Annahmen bestätigen sich nicht
Die Wissenschaftler haben sich mit unter anderem mit so genannten exogenen Annahmen beschäftigt. Dazu gehört Kraftstoffpreise oder der Ausbau von Ladeinfrastruktur. Dazu schreibt das Gremium, dass beispielsweise die Zahl der Neuzulassungen von E-Lkw zu optimistisch bewertet wurde. Ihr Anteil liegt derzeit bei 6,8 Prozent. In den Projektionsdaten waren 50,1 Prozent im Jahr 2030 angegeben. Das halten die Experten für wenig realistisch, zumal der Anteil voll elektrischer Zugmaschinen 2023 unter einem Prozent gelegen habe.

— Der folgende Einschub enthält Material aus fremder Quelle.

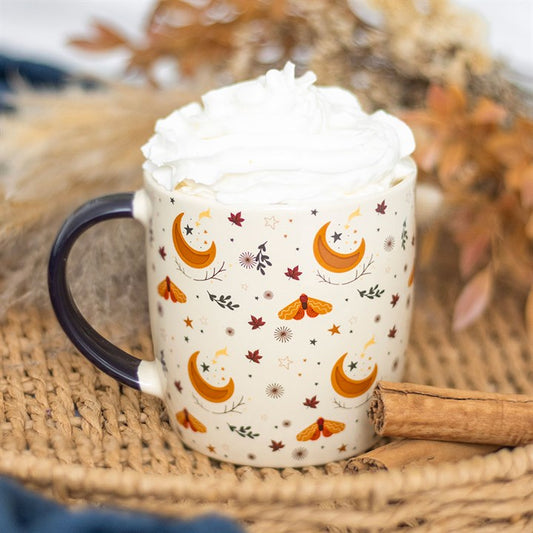 An ivory ceramic mug decorated with crescent moons, stars, and leaves contains an autumnal drink topped with whipped cream. A cinnamon stick rests nearby on a woven mat, set against a blurred harvest moon in the background.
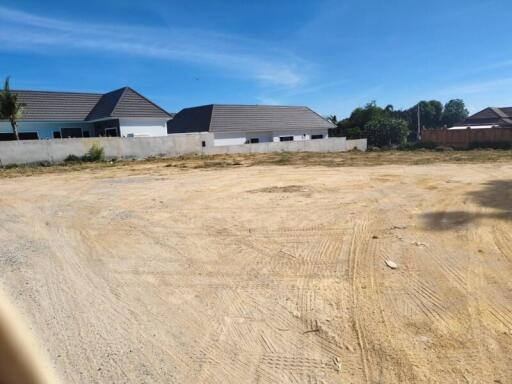 Empty plot of land with neighboring houses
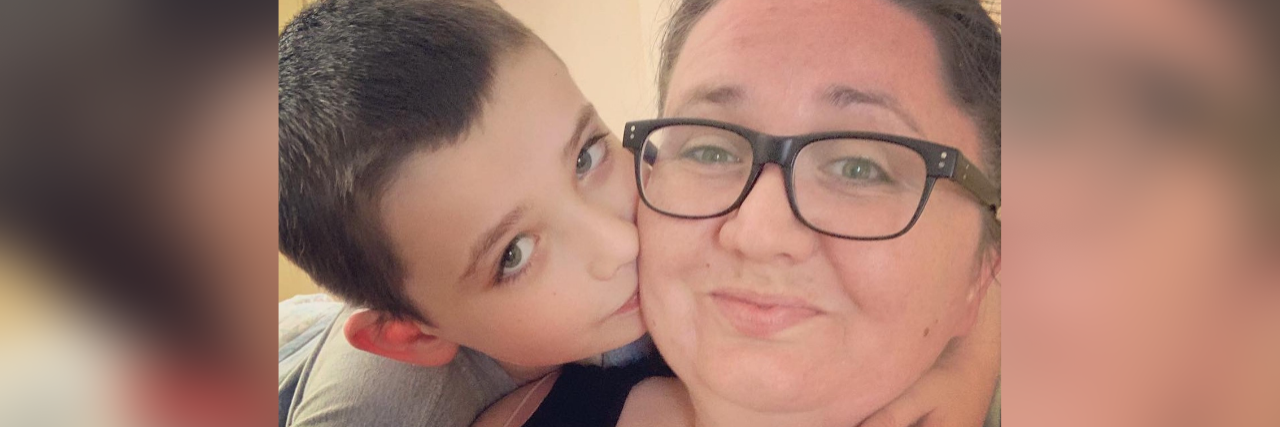 My Child on the Spectrum is 'Ausome' Selfie of son kissing his mom.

Ein Potenzial zur Emissionsminderung sieht der Expertenrat hingegen bei den Kraftstoffpreisen. Diese würden bis 2030 eher steigen und somit zu einem geringeren CO2-Ausstoß beitragen. Bis 2027 würden die Kraftstoffpreise unter dem Niveau von 2023 liegen, prognostizieren die Wissenschaftler, räumen allerdings ein, dass solche Vorhersagen immer mit Unsicherheiten verbunden sind.
Auch langfristig Klimaziele nicht zu schaffen
Die Experten haben auch die Zeiträume nach 2030 betrachtet. So würden im Zeitraum von 2031 bis 2040 die Klimaziele ebenfalls verfehlt, die Treibhausgasneutralität sei weder bis 2045 noch bis 2050 zu erreichen. Der Rat empfiehlt der Politik, sich mit ihren Maßnahmen vor allem auf den Verkehrs- und Gebäudesektor zu konzentrieren.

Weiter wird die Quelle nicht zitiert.